Every NFL fanatic has an offseason routine. When our team’s season ends (for Panther fans, this process started when “Matt Moore” and “starting quarterback” were uttered in the same sentence) we start looking at potential free agent pick-ups. We start watching college football games like recruiters and critique everything a player does because we know he has a chance to be drafted to our team. And we also wait for the NFL to release the forthcoming year’s schedule. Once it’s out, we skim through it like homework we don’t want to do and look for key words: @ New England, vs. New Orleans. But for every Baltimore and Pittsburgh fan we look for two dates first and base our entire season around it.
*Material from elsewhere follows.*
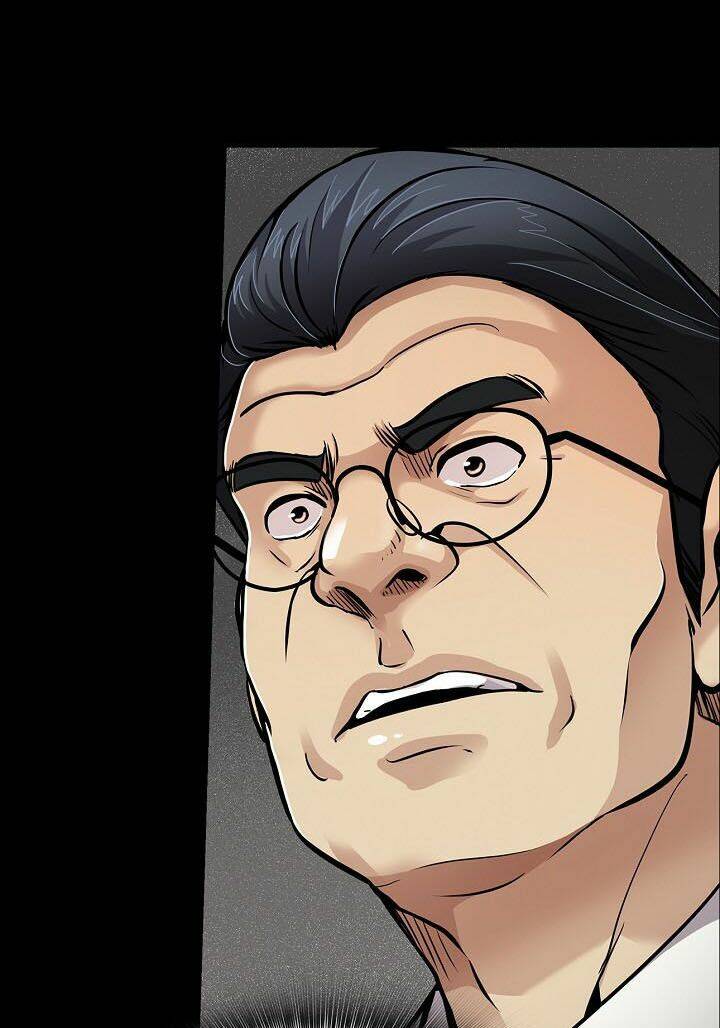 điều tra viên chuyển sinh chapter 83 72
When Baltimore’s schedule was released, I was perusing schedule and saw “Week 4, @ Pittsburgh” and “Week 13 vs. Pittsburgh,” and then started guessing what the Ravens’ record would be in both meetings, trying to figure how important each would be. But I then realized, who cares? Every game between the Ravens and the Steelers is huge.
Back in 2007, Baltimore had an awful season. Started 4-2, lost eight straight — including an overtime loss to the 1-15 Dolphins that year — and then Pittsburgh came to town. The Steelers were well on their way to the playoffs and the Ravens had nothing left to play for. But, it was the Steelers. Our record didn’t matter at the time. It didn’t matter that Troy Smith was starting the game as a rookie. All that mattered was that Baltimore won; if Baltimore wins, and the Ravens finish with five wins and I’m somewhat satisfied. And Baltimore won.
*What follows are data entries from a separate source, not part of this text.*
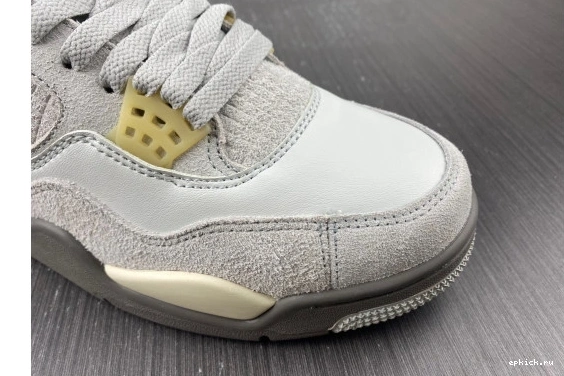 Rep EP SE Retro Dust Craft DV3742-021 4 DV3742-021 Jordan Photon 0308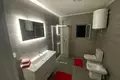 3 bedroom villa 243 m² Montenegro, Montenegro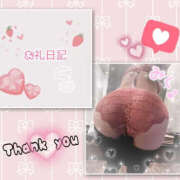 ヒメ日記 2026/02/04 22:36 投稿 北川みく YESグループ水戸　華女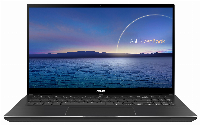 Лаптоп ASUS ZenBook FLIP UX564EI-EZ711R - 90NB0SB1-M01250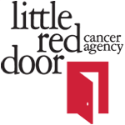 logo-2.png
It was in 2005 that I fully understood the significance of this rivalry. Back then, Steelers fans loved Roethlisberger. He was a fat kid out of a mid-major conference who had a knack for winning. Again, the Ravens were having a rough season due to injuries and Kyle Boller and had to travel to Pittsburgh on a Monday night. I thought for sure Baltimore was going to get blown out. But they didn’t. The game came down to a late field goal by Jeff Reed, who still made them back then, and Baltimore lost 20-19.
It didn’t matter that Ray Lewis didn’t play that game. It didn’t matter that Kyle Boller was Kyle Boller. It was just Ravens vs. Steelers. This rivalry has always been about the teams, not specific players. When the Pats play the Colts each year it’s more Brady vs. Manning than it is Pats vs. Colts. When the Ravens play the Steelers, it’s about hard hits, strong defense, genuine hatred and field goals.
Tonight’s game is no different. It’s huge. Division supremacy is at stake. Money is at stake if you’re gambling or James Harrison. The winner will be sitting atop the AFC North with the playoffs in sight. The loser will have to rebound quickly, forget about the loss and look to next week because Wild Card spots aren’t guaranteed.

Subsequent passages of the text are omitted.